Saying that journalists had used the data to make “unwarranted negative assessments” of the quality of states’ schools, the Education Commission of the States said in a widely distributed e-mail on March 31 that it had removed the six-page document from its Web site and wouldn’t distribute it further.
The document warned against judging states based on the number and percentage of schools failing to make adequate yearly progress, or AYP, under the federal law.
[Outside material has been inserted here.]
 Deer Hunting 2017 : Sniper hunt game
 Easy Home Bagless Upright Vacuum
But the disclaimer didn’t explain specifically that judging the quality of state school systems by comparing the data isn’t valid because each state sets its own AYP standards.
Though ECS officials said the data were accurate, they withdrew the report because of the way the information was being interpreted.
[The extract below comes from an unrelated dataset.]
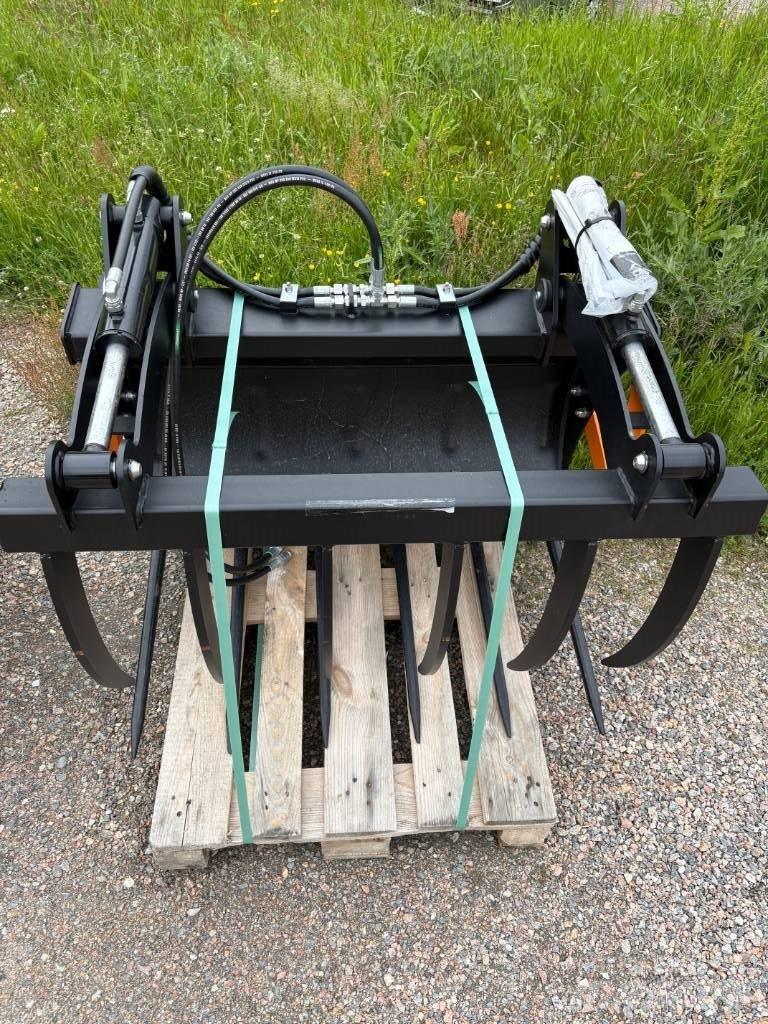Ålö Silograb S+ 110 Agricultura - Otros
“What I felt was not there, was the correct interpretation of what [the numbers] meant,” Piedad F. Robertson, the president of the bipartisan, Denver-based clearinghouse on state education policies said in an interview last week.
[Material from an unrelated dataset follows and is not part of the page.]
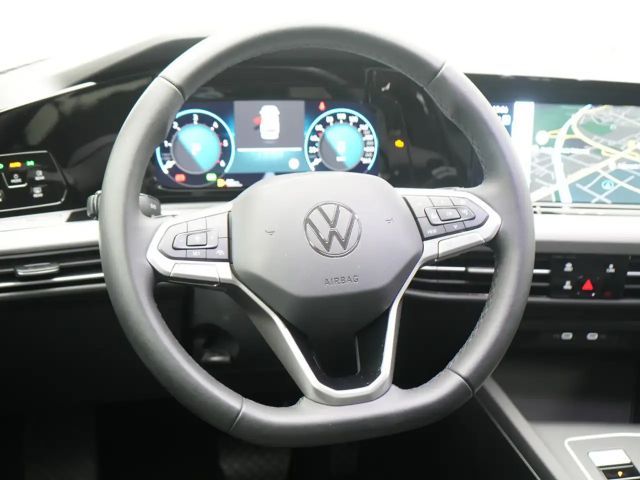 Volkswagen Golf DSG Golf VIII Life Variant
The incident is the latest example of the way newly accessible data are changing how the public views schools. It also demonstrates why state officials are wary of efforts that produce state-by-state data on student achievement.
For example, a new Web site produced by Standard & Poor’s and state officials allows users to compare schools’ student-achievement data within their own states. That kind of comparison is valid, state officials say, because those schools administer the same tests and are expected to hold students to the same standards. (“Online Tools For Sizing Up Schools Debut,” March 30, 2005.)
But if the site’s users want to compare a state’s student achievement with another state’s, they are able to look only at scores on the National Assessment of Educational Progress and college-entrance exams—the only testing programs given in every state.
The ECS report, which was released online last month, documented the number and percentage of schools in every state that are in various stages of school improvement under the federal law. Those stages range from the mandate that schools in the first year of an improvement plan offer students a transfer to another public school, to the implementation of a state-approved school improvement plan in the fifth year.
The data were presented in a state-by-state table at the end of the report.
The report explained that the numbers and percentages of schools not making AYP vary between states because of a variety of differences in the ways states are implementing the 3-year-old law, a reauthorization of the Elementary and Secondary Education Act. It said states’ standards differ, as do the difficulty of their tests and their short-term goals for making adequate progress.
But some journalists glossed over such warnings in their reporting, ECS officials said.
In Hawaii, for example, the Honolulu Star-Bulletin ran a story headlined: “Isle Schools Fare the Worst.” The story highlighted the ECS report’s finding that 10 percent of Hawaii’s schools were in their fifth and last year of needing improvement—the highest percentage in the nation.
Hawaii has 28 of its 284 schools at that stage because it has set ambitious AYP targets, a state spokesman said. It was unfair to label the state’s schools as the worst in the nation because those schools might actually have higher student achievement than in states with lower AYP goals, said Greg Knudsen, the spokesman for the state department of education.
State-to-state comparisons of AYP numbers are unfair “because states have such different standards and different timetables,” Mr. Knudsen said.
In the only other news story cited by ECS officials, a March 29 story in the Arkansas Democrat-Gazette said Arkansas “has some of the highest percentages in the nation of public schools categorized as academically troubled.”
Two days later, an editorial said the report gives “Arkansas its usual, bottom-feeder ranking” on school quality.
The information collected does include worthwhile data, Mr. Knudsen of the Hawaii education department and Todd Ziebarth, the author of the report, agreed.
State officials could look at the number of schools each state is identifying as failing to achieve AYP, said Mr. Ziebarth, a policy analyst for Augenblick, Palaich and Associates, a Denver-based consulting firm that conducted the research for the ECS.
In doing so, he suggested, they can determine if they are labeling too many or too few schools as not reaching their goals. He said states also could find other states that have had experience with the interventions available for schools needing help, such as restructuring of those schools’ programs and staffs. “It helps to provoke states to think about how their system compares to others,” he said.
But Ms. Robertson said that while such information is useful, the ECS plans to produce reports that highlight states’ progress in complying with the law.
“What we need to concentrate on is working with every individual state,” said Ms. Robertson, a former president of Santa Monica College near Los Angeles who became president of the ECS Feb. 1.